Tuesday, February 13, 2007

carrying the weight

myanmar woman

I've been working since before I was of legal working age.

When I was only 10, my girlfriend Danielle and I went to a nearby Chinese-Cuban restaurant in Newkirk Plaza (I lived in Brooklyn then) and started bussing tables. We didn't ask for a job. We just started doing it. (They were very kind to us, humoring us and slipping us a couple bucks at the end of the day for us to load up on bubblegum.)

That's not the point.

When I was 15 I lied about my age and got a job at a local Davanni's. I spent my first real paycheck on dinner theater tickets for my mother and stepdad. They still brag about it, but damn... it felt great.
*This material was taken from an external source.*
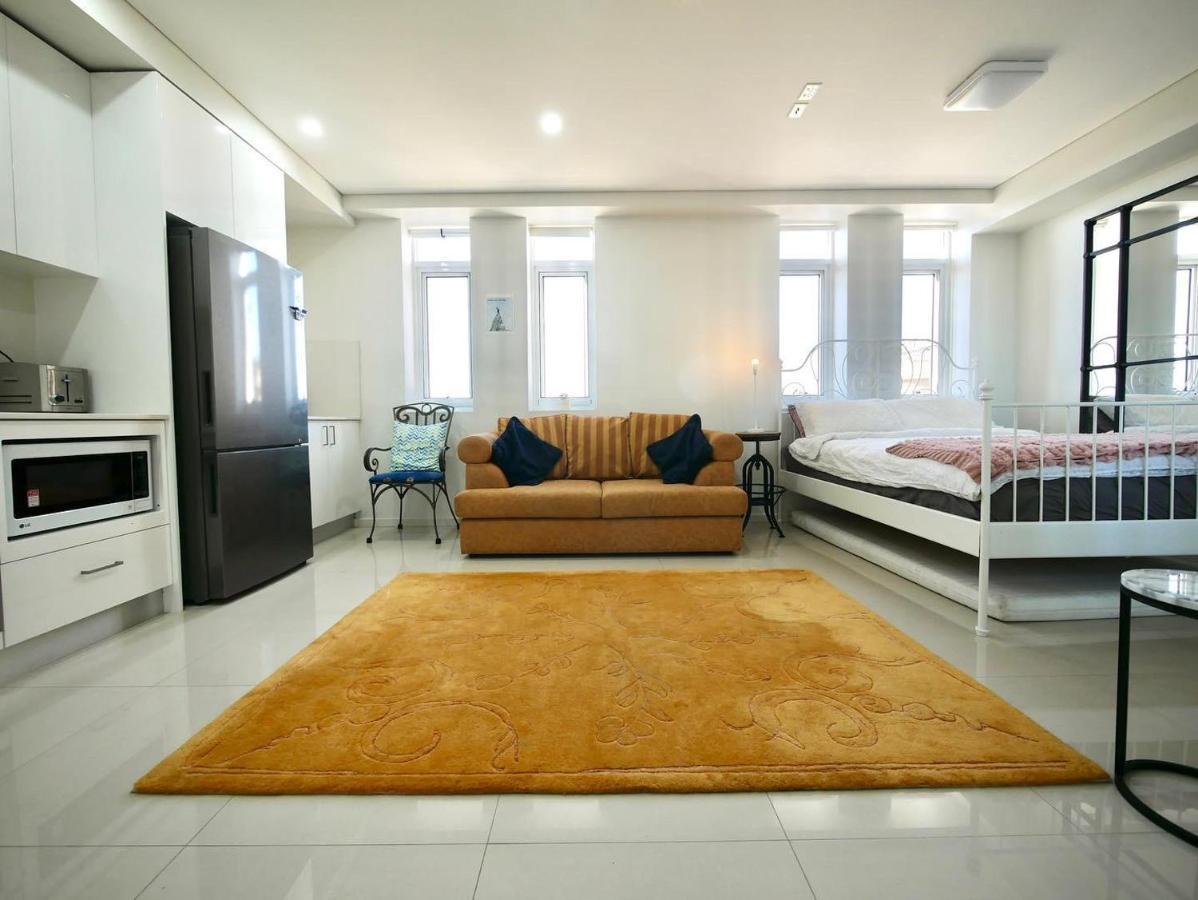 City Beach Studio Apartment Нюкасъл Екстериор снимка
I like to spend on people. I like to spoil people. I like to give.

I'm not buying love here. It's just who I am.

It's not about money. It's about sharing with other, giving to others, and all that sappy kindergarten shit. (I went to a seriously hippyesque love-fest day care. It must have profoundly impacted me.)

I give. So what?

Is it that women are more programmed to give, in general? Do we give more? I know some do, but... I sure know plenty that don't give shit!
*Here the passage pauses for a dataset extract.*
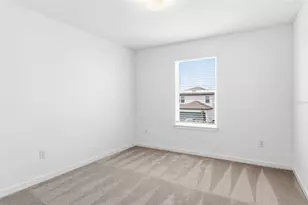 10419 Hidden Banks Gln, Parrish, FL 34219 - Photo 15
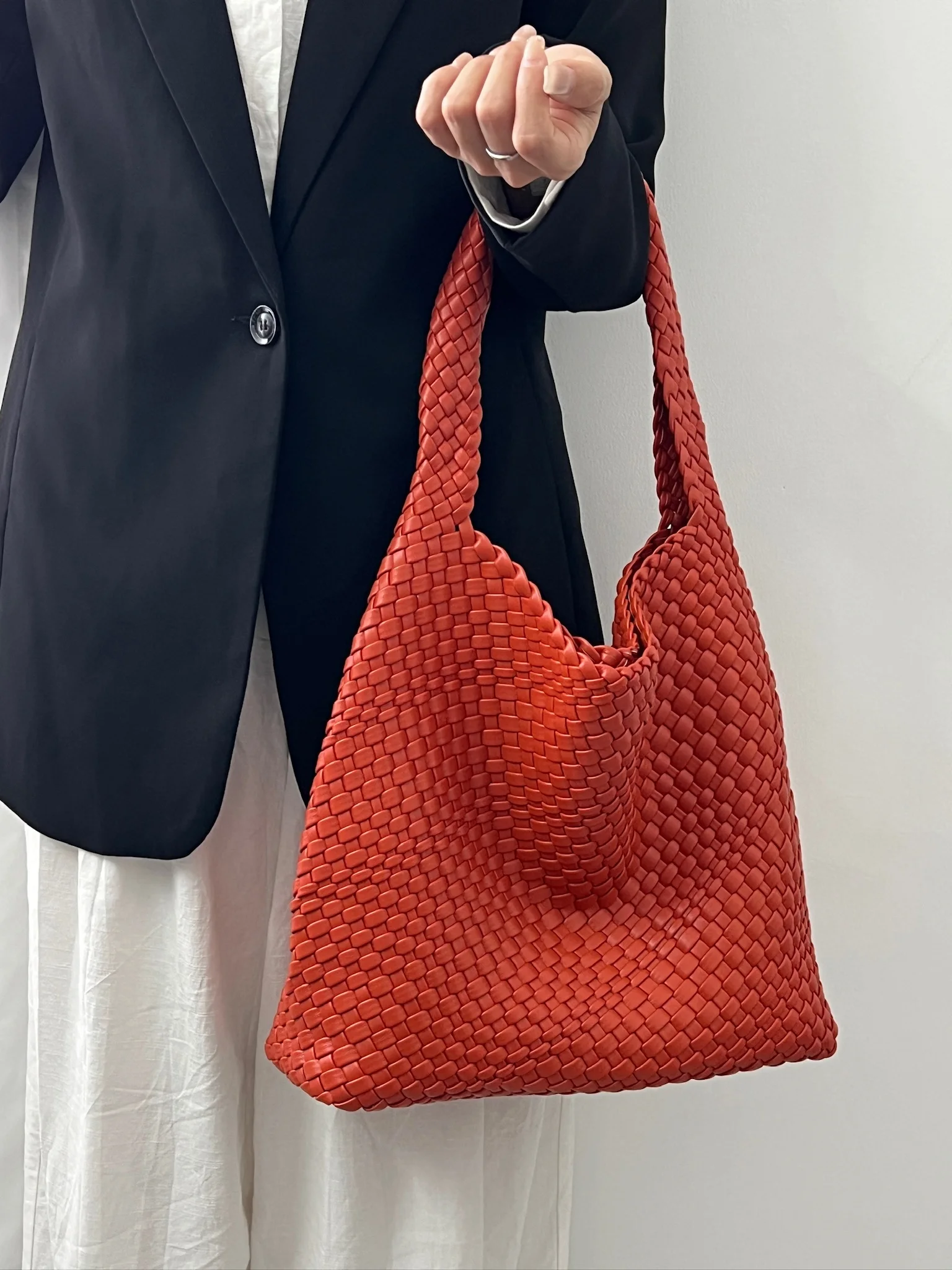 Women's bags Luxury Designer Shoulder bag High capacity PU leather hand woven Women's handbag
Here's the deal... FINALLY!

Why is it that the scales always lean so heavily to one side?

Hey, if I were being taken to Fugaise for muscles and champaigne on a regular basis, I might not mind always having to scrub the toilet. If I were carried off to island paradises and exotic adventures, I might not mind taking full responsibility for the laundry. If I had the perfect stainless steel kitchen with a large center island and a fireplace, I might not mind doing the dishes every night (or at least the nights when I'm not taken out to La Belle Vie). If I were living in the lap of luxury, I might not mind handling all the bills.
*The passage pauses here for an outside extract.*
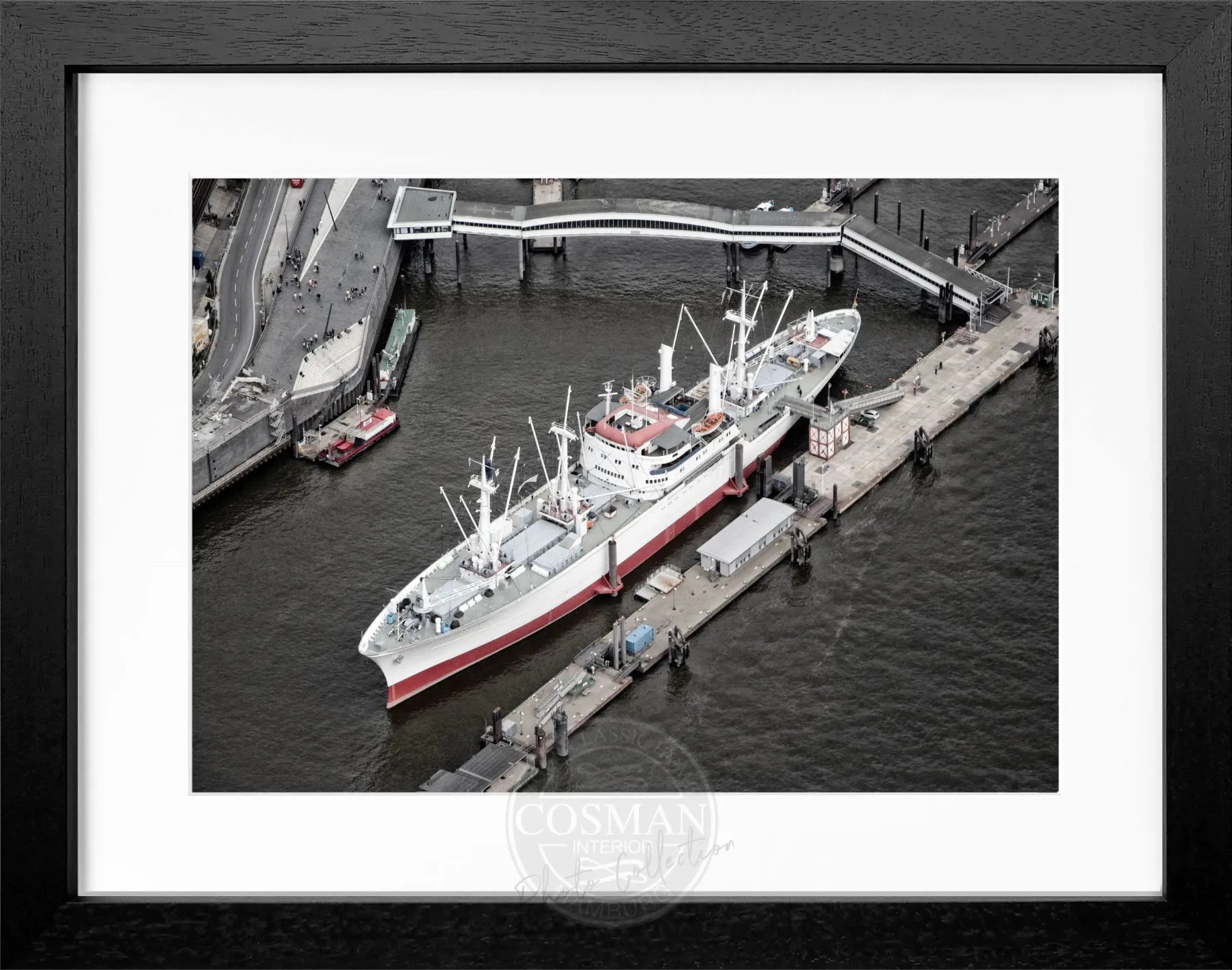 Schwarz-weiß Poster mit Rahmen, Hamburg Hafen, Cap San Diego, Cosman-Photocollection, 31x25cm, maritimes Hafenmotiv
But as it stands, I always seem to do all these things, with little reward.

I am woman; hear me roar. And I will keep roaring as I hold the doors open for the men behind me and continue to wash their dirty underwear.

I work. I work hard. I play, so that others can play with me. I give every ounce of support I can, in order to help people be who they long to be. And I continue to scrub the shit from the toilet.

And to top it off, I won't even let you buy me dinner.

3 comments:

Jenifer said...

You should always let them buy you dinner. It's the least they can do.

La Espia T. said...

There is a book that came out about the time Ali was born about this new age of women who think they need to be good at EVERYTHING and if they are not they feel they are complete failures. I think it was titled "Supermom" or something similiar and it spoke about the impossible lives of women who feel they need to balance a fufilling full time career, a fufilling more than fulltime job of being an excellent, PTA, bake cookies for the Fair, make home-made Valentine's type of a mom, coupled with STILL carrying the weight of 80% of the chores around the house. They are also, naturally, supposed to have a rewarding relationship with their spouse, their family and several friends.

WHEW!!!

Yeah right.
I feel damn amazing when I just make it through the day.

Anonymous said...

You ARE amazing for making it through the day, t.

And, Jen... I agree.. but I just can't seem to do it. If I care, then I can't do it; and if I don't care... well then I just don't go to dinner.